Calculating Capacitance for Non-Uniform Dielectric: Finding the Right Formula

[godtripp]

This isn't a homework problem, just something to explore my understanding so correct me if any of my assumptions are wrong.

I have given myself the situation where I have a capacitor of area "A" and separation "d"

Between them is a non-uniform but continuous dielectric, so that the dielectric on the right plate is significantly more dense than that of the left.

I have also given the dielectric the function: $$\epsilon = \epsilon_{0}+\alpha x$$
where x is the distance from the left plate.


Now I can find my answer by taking an infinite sum of infinitesimal capacitors in series.
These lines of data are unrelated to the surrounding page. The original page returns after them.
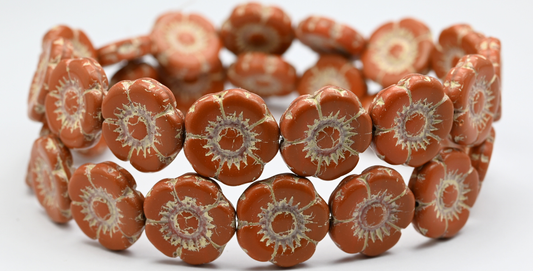 Round Flat Flower Pressed Glass Beads, Opaque Brown Beige Lined (13600-54311), Glass, Czech Republic ~ STRANDED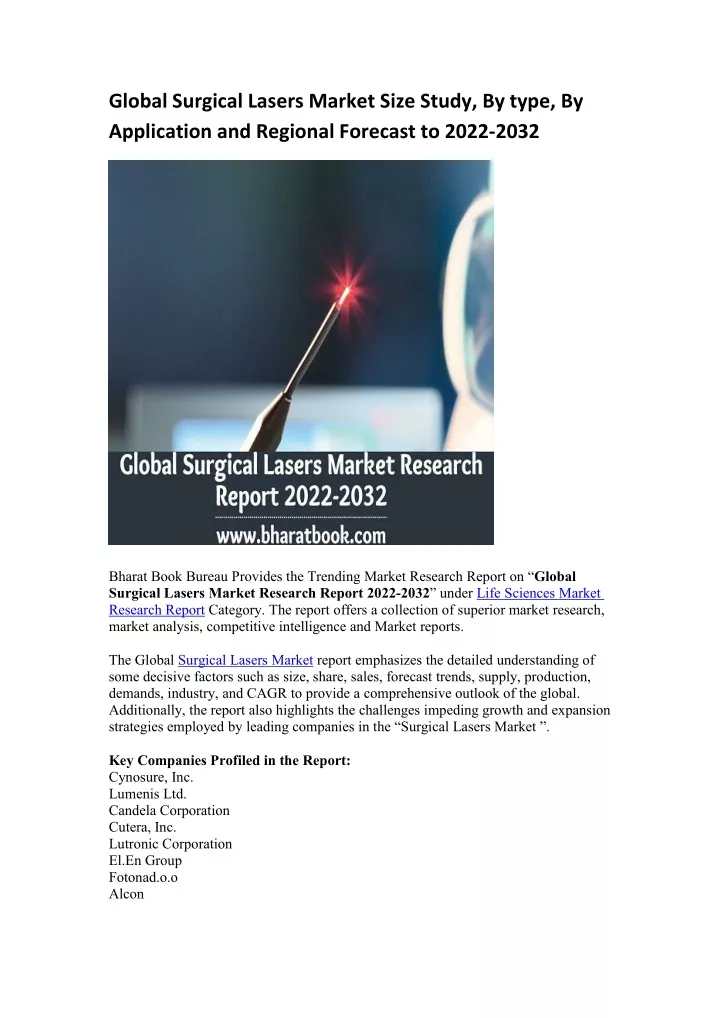 global surgical lasers market size study by type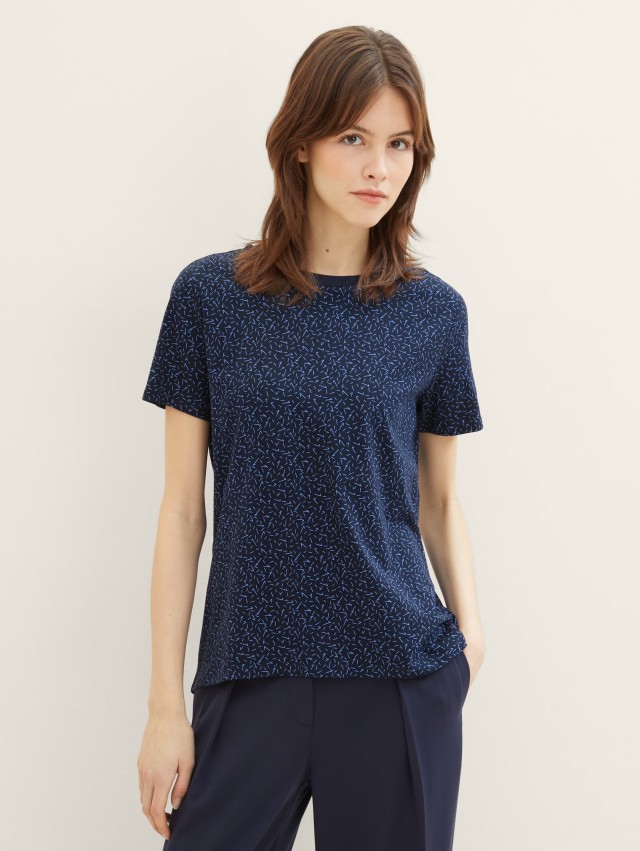 Τom Tailor Loose T-Shirt With High Γυναικεία Μπλούζα Μπλε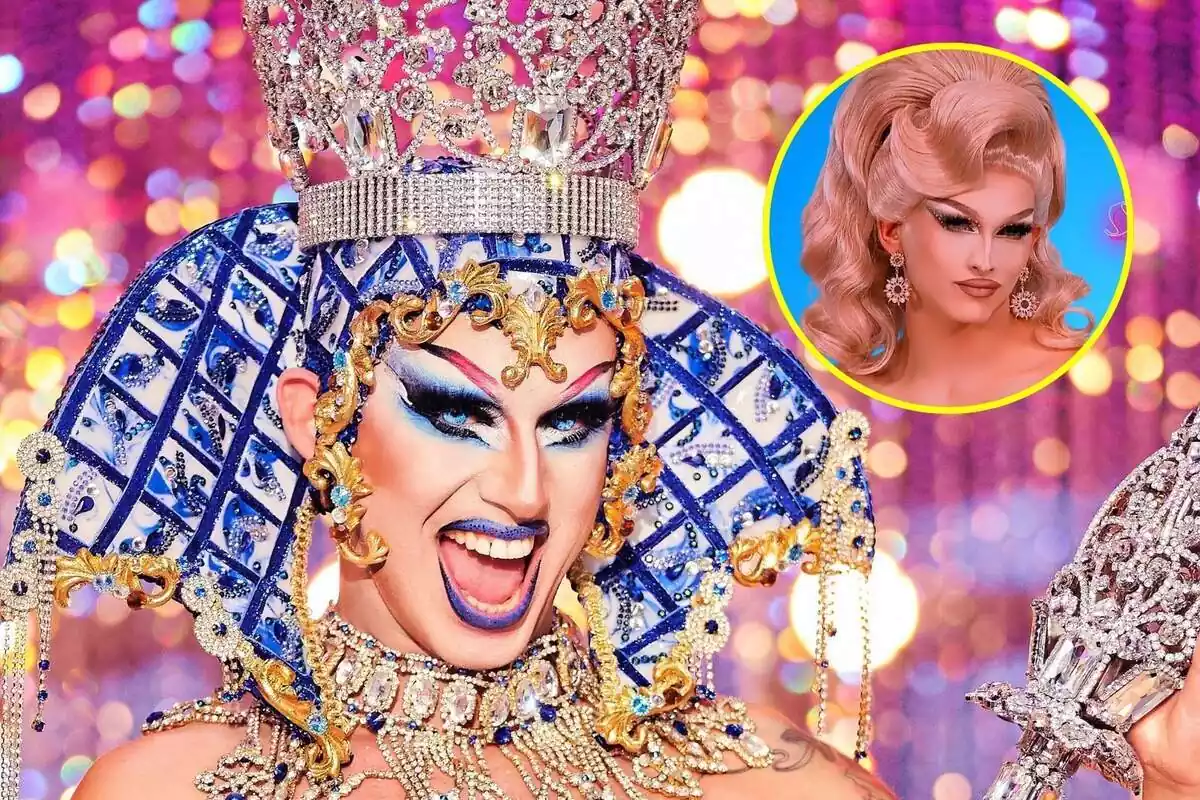 Montaje de Drag Sethlas como ganadora con una fotografía de Sagittaria en Drag Race: All Stars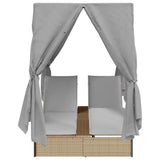 Double Sun Lounger with Roof Beige 205 x 129 x 200 cm PE rattan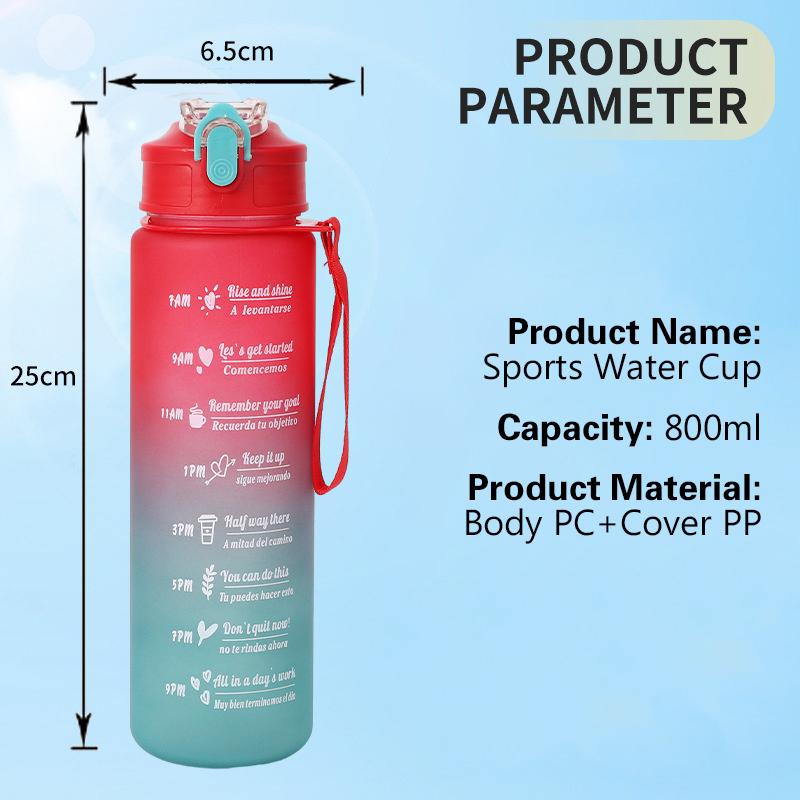800ml Sportflasche mit Zeiteinteilung BPA-frei Outdoor Farbverlauf Sportwasserflasche Tragbar Große Kapazität Fitnessstudio Trinkbecher mit Strohhalm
I'm just confused now on how to properly build the formula. Should I take the derivative of
my capacitance formula with respect to d, plug in for epsilon as a function of distance and integrate? Or how?

I've listed a few of my ideas on formulas below. If anyone can point out the right one and why.

$$C = \frac{\epsilon_{ave} A}{d}$$
Where
$$\epsilon_{ave}=\frac{1}{d}\int \epsilon_{0}+\alpha x dx$$

$$C_{eq} = \int \frac{-(\epsilon_{0}+\alpha x)A dx}{x^2}$$

$$\frac{1}{C_{eq}}= \int \frac{dx}{(\epsilon_{0}+\alpha x)A}$$


$$\frac{1}{C_{eq}}= \int \frac{x dx}{(\epsilon_{0}+\alpha x)A}$$

 

[tiny-tim]

Hi godtripp!

(have an epsilon: ε and an alpha: α and an integral: ∫ )

You have to integrate 1/C to get 1/C_eq.

For a slice of thickness dx, d(1/C) = dx/εA,

and so 1/C_eq = ∫ d(1/C) = ∫ dx/εA

(and, just to check … when ε is constant, that's x/εA ! )

 

[godtripp]

Thank you tim!